# [Instructions to follow]
Print exactly the lines below between the line holding "Morsettiera Ceramica per" and the line holding "Grendizer goldorak pack", inclusive, and nothing more.

# [Given records]

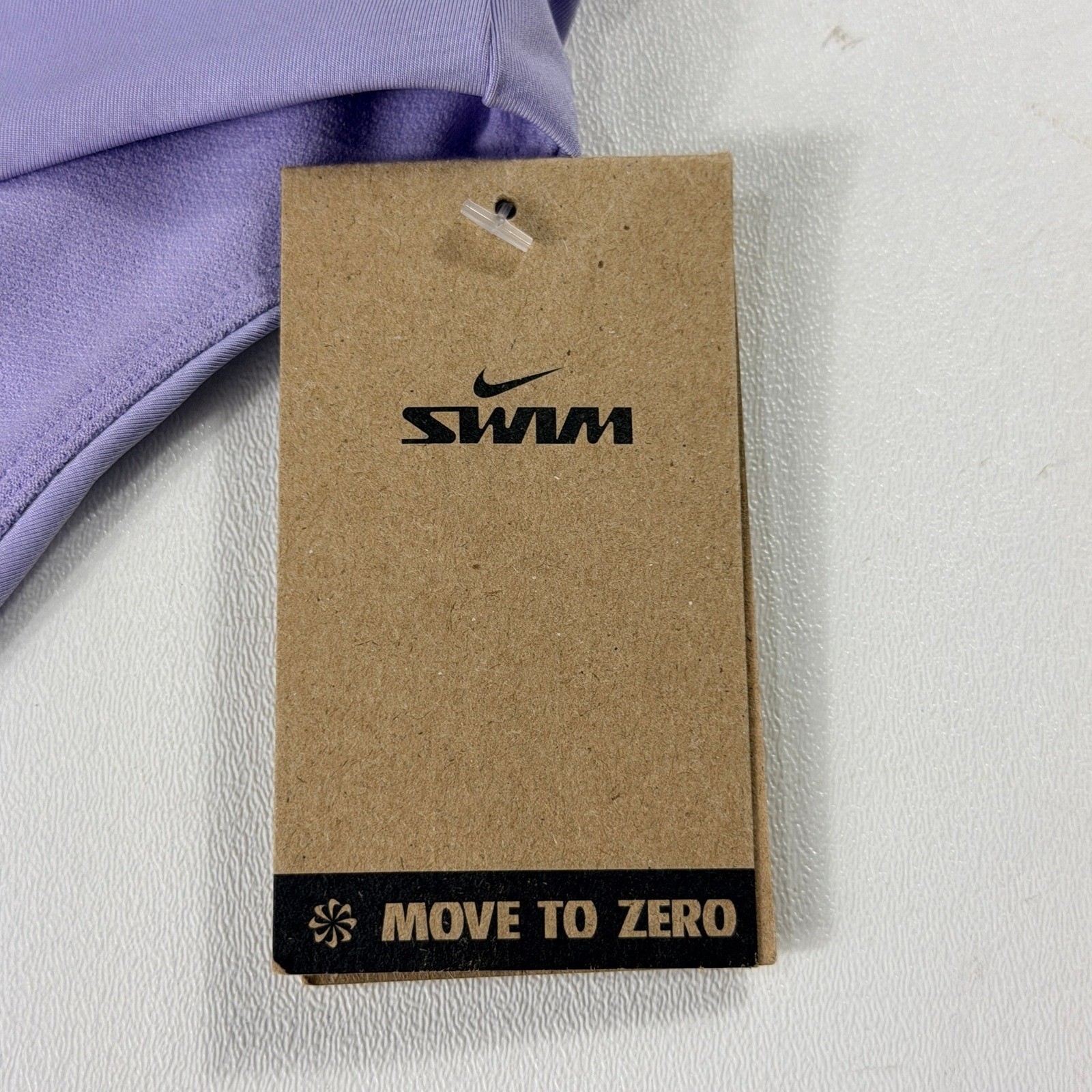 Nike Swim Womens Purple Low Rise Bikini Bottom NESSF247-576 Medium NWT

* * *

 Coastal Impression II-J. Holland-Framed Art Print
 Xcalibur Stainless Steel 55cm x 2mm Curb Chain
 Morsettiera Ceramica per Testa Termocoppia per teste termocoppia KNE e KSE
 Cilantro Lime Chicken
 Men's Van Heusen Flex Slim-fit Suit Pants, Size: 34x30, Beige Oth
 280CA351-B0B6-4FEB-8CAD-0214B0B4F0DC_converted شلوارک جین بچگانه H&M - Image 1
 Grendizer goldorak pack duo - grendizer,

==

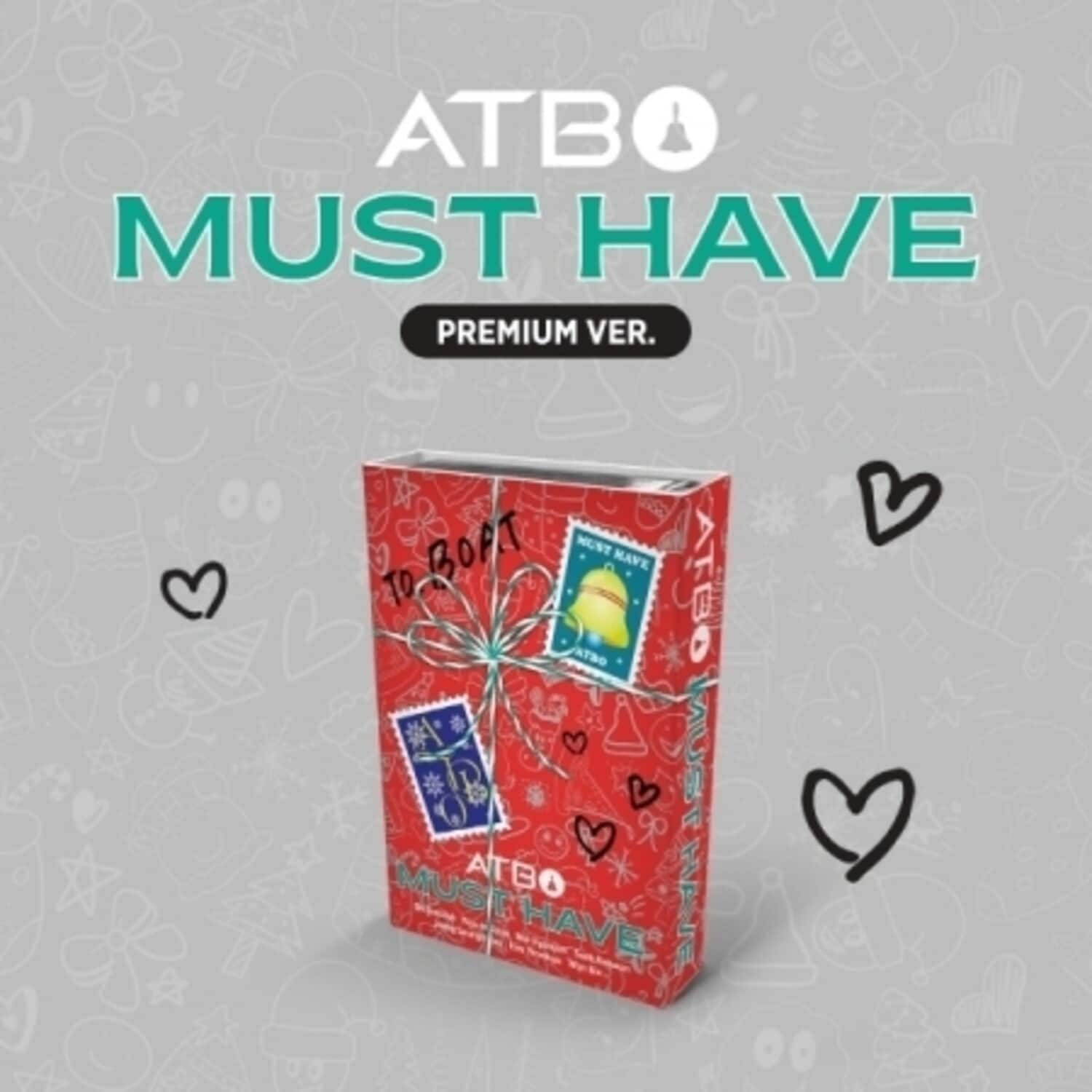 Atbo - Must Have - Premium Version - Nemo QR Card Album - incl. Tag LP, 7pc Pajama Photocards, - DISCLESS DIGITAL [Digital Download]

# [Reply]
 Morsettiera Ceramica per Testa Termocoppia per teste termocoppia KNE e KSE
 Cilantro Lime Chicken
 Men's Van Heusen Flex Slim-fit Suit Pants, Size: 34x30, Beige Oth
 280CA351-B0B6-4FEB-8CAD-0214B0B4F0DC_converted شلوارک جین بچگانه H&M - Image 1
 Grendizer goldorak pack duo - grendizer,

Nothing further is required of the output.